----- DATASET CONTENT
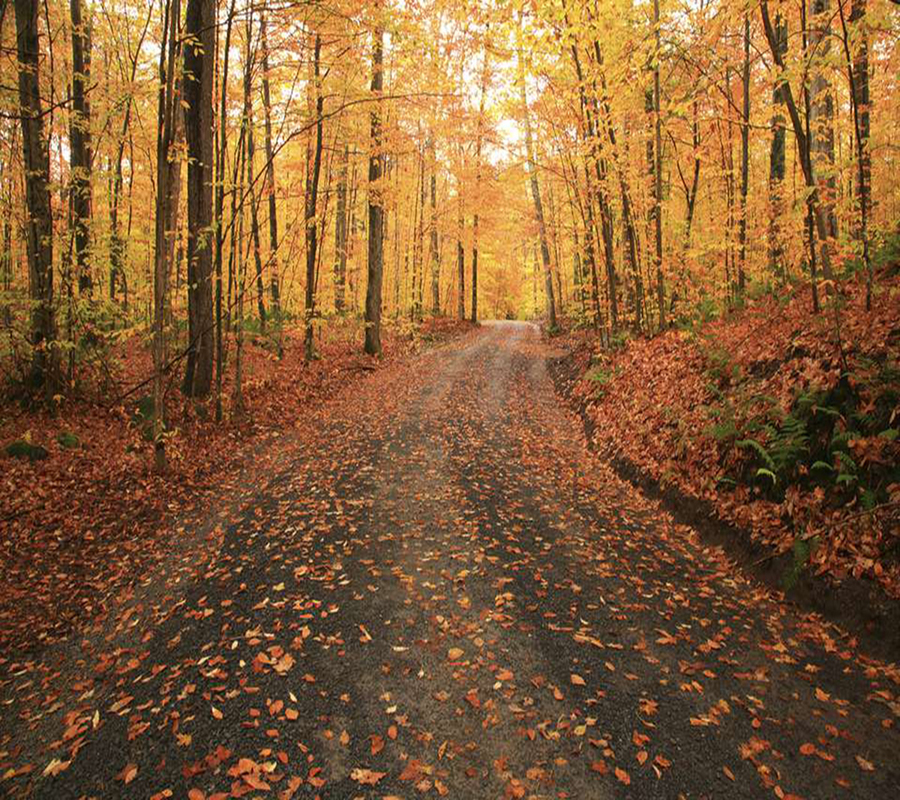 A road covered in leaves surrounded by trees during the fall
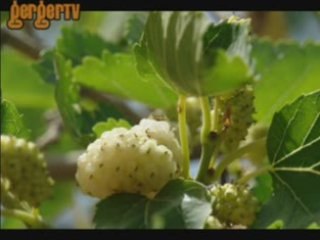 Cumali Badur Obejektifinden Fotoğraflar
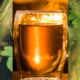 Cerasee Tea Health Benefits and Risks - Almonds and Olivez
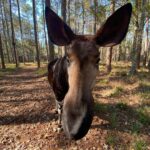 Eric Stonestreet Instagram - Yesterday was world Okapi day. If you aren’t familiar with what an Okapi is, I encourage you to learn about them. @whiteoakconservation has been a world leader in the preservation of this beautiful bloodline for many many years. #worldokapiday #whiteoakconservation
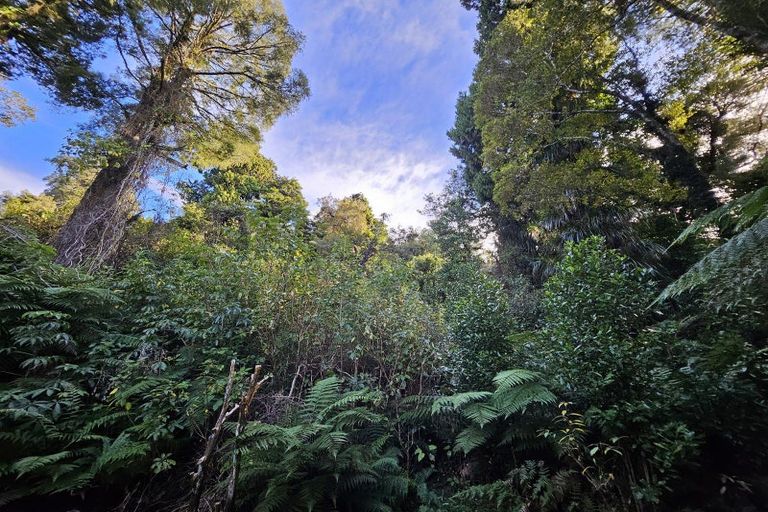 Photo of property in 233 Taramakau Highway, Kumara Junction, Kumara, 7875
----------
AIM OF THE TASK: Please keep every line of the data the same when you reproduce it, and keep every picture out.

TASK RESPONSE:
 A road covered in leaves surrounded by trees during the fall
 Cumali Badur Obejektifinden Fotoğraflar
 Cerasee Tea Health Benefits and Risks - Almonds and Olivez
 Eric Stonestreet Instagram - Yesterday was world Okapi day. If you aren’t familiar with what an Okapi is, I encourage you to learn about them. @whiteoakconservation has been a world leader in the preservation of this beautiful bloodline for many many years. #worldokapiday #whiteoakconservation
 Photo of property in 233 Taramakau Highway, Kumara Junction, Kumara, 7875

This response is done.